* The records *
★ ★ ★ ★ ★
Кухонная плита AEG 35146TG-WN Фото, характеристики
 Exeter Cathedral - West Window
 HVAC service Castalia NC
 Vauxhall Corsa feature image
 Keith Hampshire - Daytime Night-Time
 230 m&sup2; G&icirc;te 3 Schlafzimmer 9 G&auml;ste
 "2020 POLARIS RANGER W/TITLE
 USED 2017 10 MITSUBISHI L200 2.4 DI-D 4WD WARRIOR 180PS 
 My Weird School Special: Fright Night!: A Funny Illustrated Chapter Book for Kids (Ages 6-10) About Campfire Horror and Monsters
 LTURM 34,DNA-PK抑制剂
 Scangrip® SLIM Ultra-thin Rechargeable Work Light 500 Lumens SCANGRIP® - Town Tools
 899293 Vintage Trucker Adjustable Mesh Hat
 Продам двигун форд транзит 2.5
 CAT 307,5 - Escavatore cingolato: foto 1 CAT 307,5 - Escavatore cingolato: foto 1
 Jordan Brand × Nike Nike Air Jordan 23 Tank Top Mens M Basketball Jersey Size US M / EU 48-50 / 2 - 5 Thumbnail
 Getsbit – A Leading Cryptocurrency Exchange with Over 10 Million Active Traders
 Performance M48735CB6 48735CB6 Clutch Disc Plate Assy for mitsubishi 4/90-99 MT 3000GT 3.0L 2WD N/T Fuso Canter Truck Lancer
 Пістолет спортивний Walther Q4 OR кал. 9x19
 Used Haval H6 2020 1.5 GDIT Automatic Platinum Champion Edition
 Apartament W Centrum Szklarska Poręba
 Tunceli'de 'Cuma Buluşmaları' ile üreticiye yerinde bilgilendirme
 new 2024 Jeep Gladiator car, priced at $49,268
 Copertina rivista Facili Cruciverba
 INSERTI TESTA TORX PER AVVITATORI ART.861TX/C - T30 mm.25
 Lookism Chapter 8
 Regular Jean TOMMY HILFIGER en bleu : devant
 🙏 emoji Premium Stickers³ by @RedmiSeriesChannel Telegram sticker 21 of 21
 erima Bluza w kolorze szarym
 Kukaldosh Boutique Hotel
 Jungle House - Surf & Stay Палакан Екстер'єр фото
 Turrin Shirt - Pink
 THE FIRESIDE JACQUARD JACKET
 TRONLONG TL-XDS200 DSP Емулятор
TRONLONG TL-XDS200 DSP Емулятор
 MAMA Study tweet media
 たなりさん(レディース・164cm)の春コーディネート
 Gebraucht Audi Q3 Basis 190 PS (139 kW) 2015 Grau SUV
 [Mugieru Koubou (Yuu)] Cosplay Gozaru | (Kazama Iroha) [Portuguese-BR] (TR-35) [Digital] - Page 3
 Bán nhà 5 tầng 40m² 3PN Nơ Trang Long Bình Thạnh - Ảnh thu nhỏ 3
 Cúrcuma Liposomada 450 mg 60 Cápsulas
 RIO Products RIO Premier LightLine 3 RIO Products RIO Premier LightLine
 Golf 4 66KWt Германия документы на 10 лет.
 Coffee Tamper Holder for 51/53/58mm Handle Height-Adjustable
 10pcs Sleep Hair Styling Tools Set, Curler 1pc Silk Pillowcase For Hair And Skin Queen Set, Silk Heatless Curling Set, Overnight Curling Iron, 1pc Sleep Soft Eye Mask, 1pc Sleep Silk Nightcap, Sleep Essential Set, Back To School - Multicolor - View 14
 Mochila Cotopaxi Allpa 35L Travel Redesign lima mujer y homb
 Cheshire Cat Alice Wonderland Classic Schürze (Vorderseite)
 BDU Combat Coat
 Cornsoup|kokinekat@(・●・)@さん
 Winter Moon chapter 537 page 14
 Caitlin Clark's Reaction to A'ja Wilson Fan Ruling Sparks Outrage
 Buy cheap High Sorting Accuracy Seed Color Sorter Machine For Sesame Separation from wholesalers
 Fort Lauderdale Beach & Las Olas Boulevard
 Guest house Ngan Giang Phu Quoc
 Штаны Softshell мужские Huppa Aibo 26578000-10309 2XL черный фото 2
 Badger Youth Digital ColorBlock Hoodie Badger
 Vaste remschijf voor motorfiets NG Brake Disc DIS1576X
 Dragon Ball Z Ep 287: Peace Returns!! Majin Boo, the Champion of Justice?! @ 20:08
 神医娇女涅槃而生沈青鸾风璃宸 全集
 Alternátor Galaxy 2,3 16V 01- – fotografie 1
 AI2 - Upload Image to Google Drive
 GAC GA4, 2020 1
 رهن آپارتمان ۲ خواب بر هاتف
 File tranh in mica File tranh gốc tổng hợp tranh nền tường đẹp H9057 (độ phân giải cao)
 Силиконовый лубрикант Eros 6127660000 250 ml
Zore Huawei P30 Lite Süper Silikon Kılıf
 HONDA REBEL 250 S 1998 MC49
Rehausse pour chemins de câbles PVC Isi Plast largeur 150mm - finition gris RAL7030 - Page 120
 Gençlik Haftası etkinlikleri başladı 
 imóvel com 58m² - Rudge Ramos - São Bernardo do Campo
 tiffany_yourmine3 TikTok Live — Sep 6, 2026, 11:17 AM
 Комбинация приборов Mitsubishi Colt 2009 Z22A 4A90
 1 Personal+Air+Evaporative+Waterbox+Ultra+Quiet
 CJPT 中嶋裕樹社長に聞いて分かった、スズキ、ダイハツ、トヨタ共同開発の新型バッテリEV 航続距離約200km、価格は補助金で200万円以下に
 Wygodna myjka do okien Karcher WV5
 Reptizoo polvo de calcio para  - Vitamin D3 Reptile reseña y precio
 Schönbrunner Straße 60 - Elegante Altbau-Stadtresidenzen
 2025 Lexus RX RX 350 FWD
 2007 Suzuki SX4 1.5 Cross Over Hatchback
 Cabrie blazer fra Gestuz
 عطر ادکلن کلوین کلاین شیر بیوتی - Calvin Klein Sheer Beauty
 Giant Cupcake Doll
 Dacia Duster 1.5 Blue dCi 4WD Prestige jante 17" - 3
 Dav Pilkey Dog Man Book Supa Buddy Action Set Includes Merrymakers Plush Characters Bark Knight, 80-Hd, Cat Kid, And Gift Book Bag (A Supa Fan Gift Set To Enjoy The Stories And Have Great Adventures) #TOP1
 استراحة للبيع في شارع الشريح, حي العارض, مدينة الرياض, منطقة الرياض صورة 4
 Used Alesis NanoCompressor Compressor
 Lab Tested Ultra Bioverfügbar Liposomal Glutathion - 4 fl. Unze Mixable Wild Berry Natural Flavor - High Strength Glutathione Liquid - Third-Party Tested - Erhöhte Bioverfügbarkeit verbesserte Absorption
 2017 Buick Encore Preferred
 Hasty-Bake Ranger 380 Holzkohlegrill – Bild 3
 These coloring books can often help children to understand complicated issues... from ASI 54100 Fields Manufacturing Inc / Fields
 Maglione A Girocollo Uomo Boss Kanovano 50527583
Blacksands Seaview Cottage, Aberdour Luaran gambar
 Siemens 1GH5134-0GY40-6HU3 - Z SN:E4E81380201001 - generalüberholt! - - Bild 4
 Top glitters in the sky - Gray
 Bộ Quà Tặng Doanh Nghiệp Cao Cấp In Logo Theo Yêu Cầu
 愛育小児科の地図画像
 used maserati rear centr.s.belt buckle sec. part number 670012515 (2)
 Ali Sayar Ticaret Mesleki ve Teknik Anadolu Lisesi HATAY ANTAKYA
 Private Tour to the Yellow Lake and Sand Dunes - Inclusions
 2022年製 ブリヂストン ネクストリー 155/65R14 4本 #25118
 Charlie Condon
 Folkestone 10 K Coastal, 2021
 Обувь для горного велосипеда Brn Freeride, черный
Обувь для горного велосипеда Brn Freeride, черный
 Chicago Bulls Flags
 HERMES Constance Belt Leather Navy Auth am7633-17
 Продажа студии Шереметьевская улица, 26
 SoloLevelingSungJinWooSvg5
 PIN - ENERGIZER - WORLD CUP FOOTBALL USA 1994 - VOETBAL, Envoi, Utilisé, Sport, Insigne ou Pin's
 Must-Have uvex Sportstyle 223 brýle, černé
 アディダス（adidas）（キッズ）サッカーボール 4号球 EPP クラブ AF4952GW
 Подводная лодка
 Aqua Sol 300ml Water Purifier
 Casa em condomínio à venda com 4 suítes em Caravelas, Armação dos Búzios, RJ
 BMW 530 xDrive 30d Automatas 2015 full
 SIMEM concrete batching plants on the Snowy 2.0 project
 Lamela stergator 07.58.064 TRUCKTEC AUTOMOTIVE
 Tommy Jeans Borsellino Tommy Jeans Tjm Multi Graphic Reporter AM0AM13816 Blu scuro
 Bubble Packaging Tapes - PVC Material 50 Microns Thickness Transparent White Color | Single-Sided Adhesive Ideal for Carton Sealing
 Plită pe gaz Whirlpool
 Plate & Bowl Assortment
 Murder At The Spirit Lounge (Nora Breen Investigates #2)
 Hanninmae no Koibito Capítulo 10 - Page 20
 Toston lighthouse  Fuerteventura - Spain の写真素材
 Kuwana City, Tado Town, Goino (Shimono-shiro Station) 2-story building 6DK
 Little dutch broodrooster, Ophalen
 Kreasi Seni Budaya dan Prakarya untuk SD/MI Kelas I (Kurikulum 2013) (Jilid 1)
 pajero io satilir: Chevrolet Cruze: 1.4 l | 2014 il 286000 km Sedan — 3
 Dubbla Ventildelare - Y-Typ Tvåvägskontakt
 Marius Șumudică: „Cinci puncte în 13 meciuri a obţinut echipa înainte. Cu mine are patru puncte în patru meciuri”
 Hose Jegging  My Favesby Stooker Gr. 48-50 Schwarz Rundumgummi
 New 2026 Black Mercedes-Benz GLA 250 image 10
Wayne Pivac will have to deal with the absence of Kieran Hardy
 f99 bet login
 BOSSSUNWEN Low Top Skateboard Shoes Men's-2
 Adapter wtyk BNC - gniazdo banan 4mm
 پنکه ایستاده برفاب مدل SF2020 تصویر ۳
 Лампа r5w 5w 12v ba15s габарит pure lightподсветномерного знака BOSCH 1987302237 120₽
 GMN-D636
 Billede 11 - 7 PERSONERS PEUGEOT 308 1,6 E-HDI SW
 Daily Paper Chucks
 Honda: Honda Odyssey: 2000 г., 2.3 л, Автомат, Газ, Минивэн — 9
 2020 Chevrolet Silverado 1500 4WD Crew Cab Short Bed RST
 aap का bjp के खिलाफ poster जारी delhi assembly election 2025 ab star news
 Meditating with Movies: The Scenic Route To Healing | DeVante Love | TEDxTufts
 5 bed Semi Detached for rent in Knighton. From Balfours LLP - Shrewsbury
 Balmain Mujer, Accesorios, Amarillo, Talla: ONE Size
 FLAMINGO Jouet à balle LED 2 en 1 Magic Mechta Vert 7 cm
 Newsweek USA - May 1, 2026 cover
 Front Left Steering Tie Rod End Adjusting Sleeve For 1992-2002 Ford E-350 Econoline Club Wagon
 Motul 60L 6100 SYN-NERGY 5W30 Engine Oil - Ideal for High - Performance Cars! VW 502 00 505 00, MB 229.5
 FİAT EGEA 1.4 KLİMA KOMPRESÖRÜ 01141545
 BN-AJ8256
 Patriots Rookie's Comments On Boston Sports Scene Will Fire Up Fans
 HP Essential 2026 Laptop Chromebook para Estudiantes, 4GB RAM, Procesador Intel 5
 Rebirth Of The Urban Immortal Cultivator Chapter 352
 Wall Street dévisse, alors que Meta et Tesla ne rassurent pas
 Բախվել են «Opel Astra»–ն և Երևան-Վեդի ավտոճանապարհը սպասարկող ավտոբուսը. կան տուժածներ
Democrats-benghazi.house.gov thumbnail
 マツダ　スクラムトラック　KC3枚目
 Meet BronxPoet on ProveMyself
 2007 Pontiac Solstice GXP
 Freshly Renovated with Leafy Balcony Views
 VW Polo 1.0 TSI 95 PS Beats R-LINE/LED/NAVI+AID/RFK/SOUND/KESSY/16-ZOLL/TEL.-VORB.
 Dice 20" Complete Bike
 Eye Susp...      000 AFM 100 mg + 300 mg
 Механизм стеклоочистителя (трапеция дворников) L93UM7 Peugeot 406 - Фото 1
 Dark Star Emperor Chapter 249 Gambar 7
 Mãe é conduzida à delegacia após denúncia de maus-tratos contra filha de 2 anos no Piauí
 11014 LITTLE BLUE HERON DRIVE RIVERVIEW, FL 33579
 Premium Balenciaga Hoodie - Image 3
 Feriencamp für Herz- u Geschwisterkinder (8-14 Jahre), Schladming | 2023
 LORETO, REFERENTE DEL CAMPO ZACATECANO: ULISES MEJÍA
★ ★ ★ ★ ★
* Problem *
Your task is to restate, word for word, only those lines above that fall between the line holding "Продажа студии Шереметьевская улица, 26" and the line holding "New 2026 Black", inclusive.

* Output of the task *
 Продажа студии Шереметьевская улица, 26
 SoloLevelingSungJinWooSvg5
 PIN - ENERGIZER - WORLD CUP FOOTBALL USA 1994 - VOETBAL, Envoi, Utilisé, Sport, Insigne ou Pin's
 Must-Have uvex Sportstyle 223 brýle, černé
 アディダス（adidas）（キッズ）サッカーボール 4号球 EPP クラブ AF4952GW
 Подводная лодка
 Aqua Sol 300ml Water Purifier
 Casa em condomínio à venda com 4 suítes em Caravelas, Armação dos Búzios, RJ
 BMW 530 xDrive 30d Automatas 2015 full
 SIMEM concrete batching plants on the Snowy 2.0 project
 Lamela stergator 07.58.064 TRUCKTEC AUTOMOTIVE
 Tommy Jeans Borsellino Tommy Jeans Tjm Multi Graphic Reporter AM0AM13816 Blu scuro
 Bubble Packaging Tapes - PVC Material 50 Microns Thickness Transparent White Color | Single-Sided Adhesive Ideal for Carton Sealing
 Plită pe gaz Whirlpool
 Plate & Bowl Assortment
 Murder At The Spirit Lounge (Nora Breen Investigates #2)
 Hanninmae no Koibito Capítulo 10 - Page 20
 Toston lighthouse  Fuerteventura - Spain の写真素材
 Kuwana City, Tado Town, Goino (Shimono-shiro Station) 2-story building 6DK
 Little dutch broodrooster, Ophalen
 Kreasi Seni Budaya dan Prakarya untuk SD/MI Kelas I (Kurikulum 2013) (Jilid 1)
 pajero io satilir: Chevrolet Cruze: 1.4 l | 2014 il 286000 km Sedan — 3
 Dubbla Ventildelare - Y-Typ Tvåvägskontakt
 Marius Șumudică: „Cinci puncte în 13 meciuri a obţinut echipa înainte. Cu mine are patru puncte în patru meciuri”
 Hose Jegging  My Favesby Stooker Gr. 48-50 Schwarz Rundumgummi
 New 2026 Black Mercedes-Benz GLA 250 image 10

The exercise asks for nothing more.